Witchcraft and hysteria are connected because people convicted of being witches are believed to have been suffering from mass hysteria. Mass hysteria occurs when an individual shows symptoms of an illness and then the people around him or her begin to show similar symptoms out of belief that they have caught the cause of the first person’s symptoms. An often cited case of witchcraft and hysteria are the Salem witch trials, where hundreds of innocent men and women were accused of being witches and, in some cases, tortured and killed. Belief in witchcraft goes back hundreds of years and spans countries across the world, though the specifics and acceptance of it vary.
Stress, certain medical conditions, and fear are some potential causes of hysteria. Its occurrence makes a person overwhelmed by emotion to the point that he or she sometimes cannot speak or walk. At one point in time, hysteria was believed to be a health problem caused by a woman’s uterus and cured by pregnancy. Modern doctors have mostly given up the term hysteria in favor of more specific diagnoses. In fact, some doctors of old documented hundreds or sometimes thousands of hysteria symptoms, so essentially any unexplained medical condition could be attributed to it.
Mass hysteria is a bit different from hysteria experienced by one person. This kind of hysteria can affect hundreds of people because of one person or incident. For example, an individual might experience a real seizure from an undiagnosed health condition, but the people in the same room or town as that individual only know that he or she had odd symptoms. When those people believe the original condition is contagious,or that the source of the problem has afflicted them as well, mass hysteria occurs. Witchcraft and hysteria are connected because of historical examples where mass hysteria was triggered by suspected witchcraft.

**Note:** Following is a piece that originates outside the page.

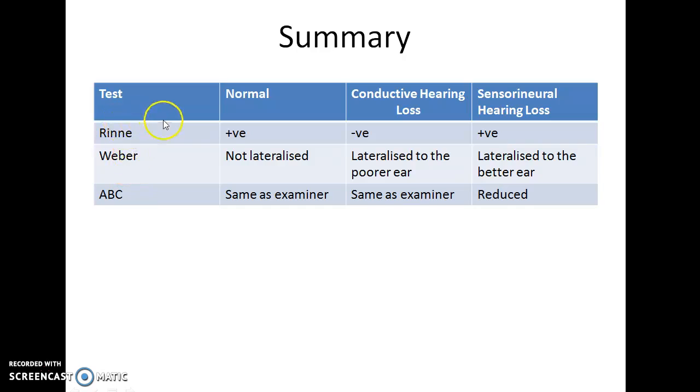To summarize: In cases of normal persons, Rinne test will be positive, Weber's test will not be lateralized, and absolute bone conduction will be the same as that of the examiner. In cases of conductive hearing loss, Rinne test will be negative, Weber's test will be lateralized to the affected ear, and absolute bone conduction will be same as the examiner. In cases of sensorineural hearing loss, Rinne test will be positive, Weber's test will be lateralized to the better ear, and absolute bone conduction will be reduced.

The Salem witch trials were the result of unexplained physical ailments in an environment without adequate scientific understanding, which ultimately led to mass hysteria. Not only did the citizens of Salem not understand modern science, but they lived in a society where all misfortunes were blamed on supernatural causes. The people who were first accused of being witches during this event were accused of harming young girls. These girls behaved in an odd manner, but the true cause of their ailments was not discovered. Witchcraft and hysteria are connected because this combination of events, combined with an uneasy wartime atmosphere and a heavily religious society, resulted in many people being accused of witchcraft.